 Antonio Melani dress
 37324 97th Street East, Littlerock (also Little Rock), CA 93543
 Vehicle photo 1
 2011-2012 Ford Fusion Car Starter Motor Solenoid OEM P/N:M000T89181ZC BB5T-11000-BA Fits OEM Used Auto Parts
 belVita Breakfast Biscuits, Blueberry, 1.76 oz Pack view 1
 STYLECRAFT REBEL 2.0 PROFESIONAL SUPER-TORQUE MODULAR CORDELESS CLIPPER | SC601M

____________

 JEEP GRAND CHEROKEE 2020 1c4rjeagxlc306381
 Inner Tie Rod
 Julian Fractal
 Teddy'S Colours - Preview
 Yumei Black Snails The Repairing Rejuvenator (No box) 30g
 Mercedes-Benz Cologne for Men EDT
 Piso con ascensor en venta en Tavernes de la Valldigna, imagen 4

____________

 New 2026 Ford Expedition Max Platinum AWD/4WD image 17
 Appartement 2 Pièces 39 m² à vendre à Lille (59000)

____________

▸ **What is being asked**: Beginning at the line above that contains "Antonio Melani dress", return each line exactly through the line that contains "STYLECRAFT REBEL 2.0", and no others.

▸ **Solution**:
 Antonio Melani dress
 37324 97th Street East, Littlerock (also Little Rock), CA 93543
 Vehicle photo 1
 2011-2012 Ford Fusion Car Starter Motor Solenoid OEM P/N:M000T89181ZC BB5T-11000-BA Fits OEM Used Auto Parts
 belVita Breakfast Biscuits, Blueberry, 1.76 oz Pack view 1
 STYLECRAFT REBEL 2.0 PROFESIONAL SUPER-TORQUE MODULAR CORDELESS CLIPPER | SC601M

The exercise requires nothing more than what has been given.